- The Parliament of the Balearic Islands has agreed on an official target to achieve 100% renewable energy by 2050
- It approved the Climate Change and Energy Transition Law with 35% of renewable energy to be realized by 2030
- Under the law, solar panels have been made mandatory for all new car parks of more than 1,000 m2 and existing ones with over 1,500 m2 area, as well as for all new buildings of over 1,000 m2
- The government will offer €40 million ($45 million) to promote installation of solar PV parks through specific energy auctions for the islands
Spain’s Balearic Islands are officially on track to achieve 100% renewable energy for its electricity requirements by 2050. The islands’ Parliament approved the Climate Change and Energy Transition Law to have all its islands powered by clean energy by the target year.

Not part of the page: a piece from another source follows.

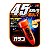 Kit Para Limpeza e Cristalização de Vidros Glaco Soft99 - Imagem 2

The target will be achieved in phases, with 35% by 2030 supported by 23% reduction in energy consumption and a decrease of 40% of polluting emissions.
Solar will play a key role in this transition. Solar panels will need to be installed on new buildings of more than 1,000 m2 or those that undergo change of use or those where some integral changes are carried out.
The government has also made it mandatory for new car parks with more than 1,000 m2 and existing ones with over 1,500 m2 area to have solar panels. All isolated buildings will be supplied with renewable energy alone.
The government will offer €40 million ($45 million) to promote installation of solar PV parks through specific energy auctions for the islands.
Among other measures, the polluting power plants will be shut down in phases, beginning with the Es Murterar thermal power plant by 2020, followed by the power stations of Maó, Eivissa and Formentera.
The law makes it necessary for rental companies to have 100% electric powered vehicles by 2035 and also ban gasoline powered vehicles to operate post 2035. At least 1,000 charging points for electric vehicles will be put up by 2025.
To aid this transition, the government will allocate over €8.5 million ($9.6 million) for installation of self-consumption systems, mainly comprising PV panels.